What to produce>
Repeat the listing below in full and exactly, but without its pictures.

═════ Given information ═════

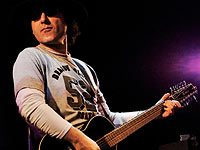 Через неделю в Тель-Авиве группа 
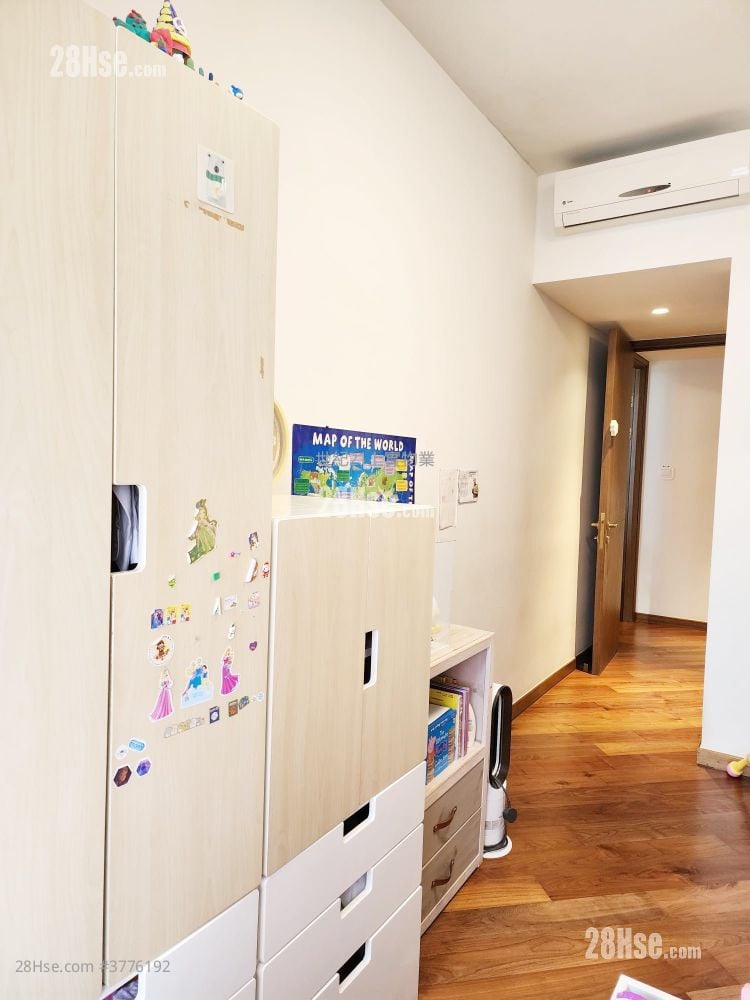 Parc Inverness Sell 5+ Bedrooms , 3 Bathrooms 1,489 ft²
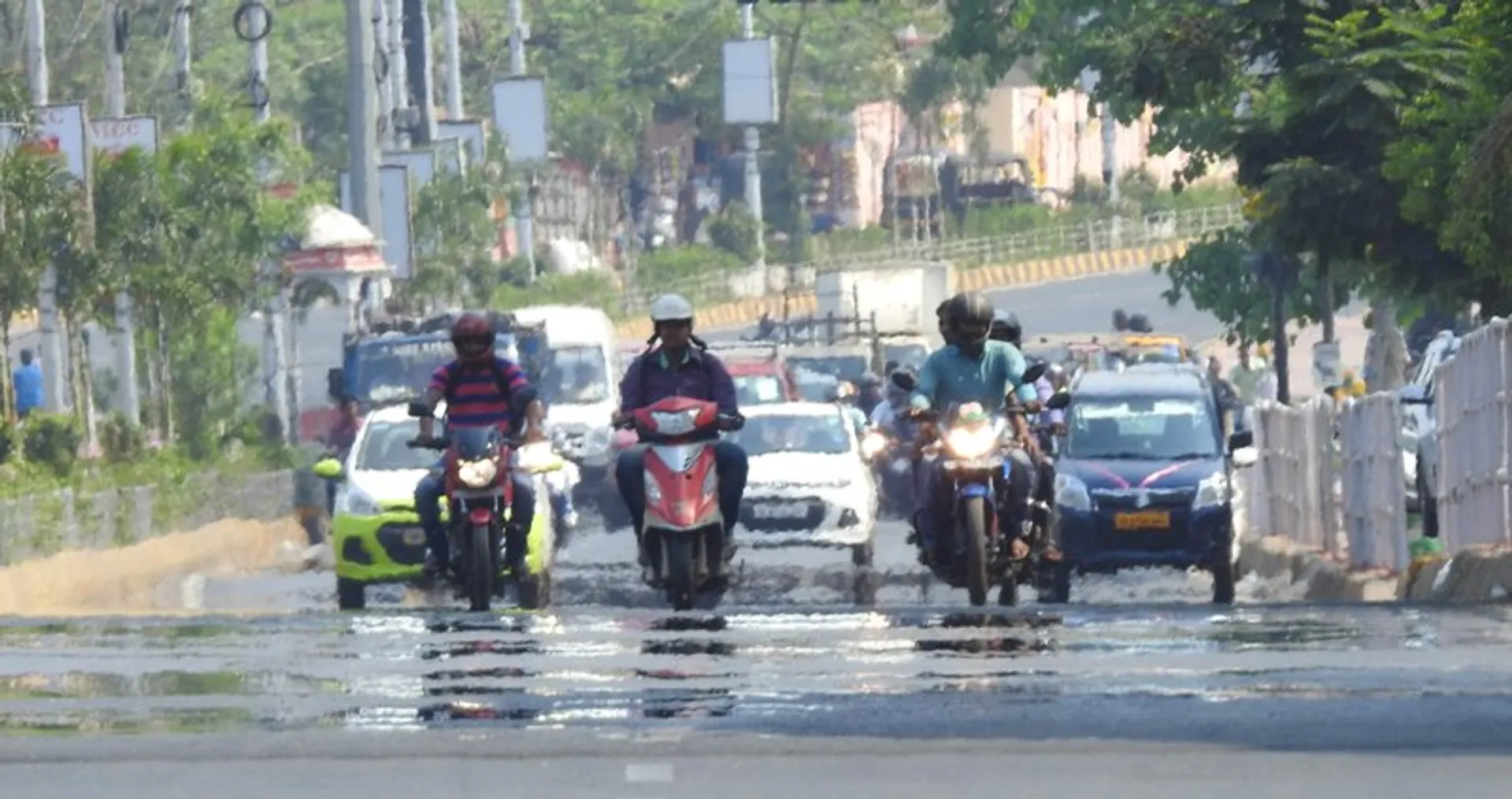 ରାଜଧାନୀ‌ରେ ମରୀଚିକା, ପୁଣି ୪୦ ଡିଗ୍ରି ଟପିଲା ପାରଦ। (ଫଟୋ-ବିଭୂତି)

═════

Answer space>
 Через неделю в Тель-Авиве группа 
 Parc Inverness Sell 5+ Bedrooms , 3 Bathrooms 1,489 ft²
 ରାଜଧାନୀ‌ରେ ମରୀଚିକା, ପୁଣି ୪୦ ଡିଗ୍ରି ଟପିଲା ପାରଦ। (ଫଟୋ-ବିଭୂତି)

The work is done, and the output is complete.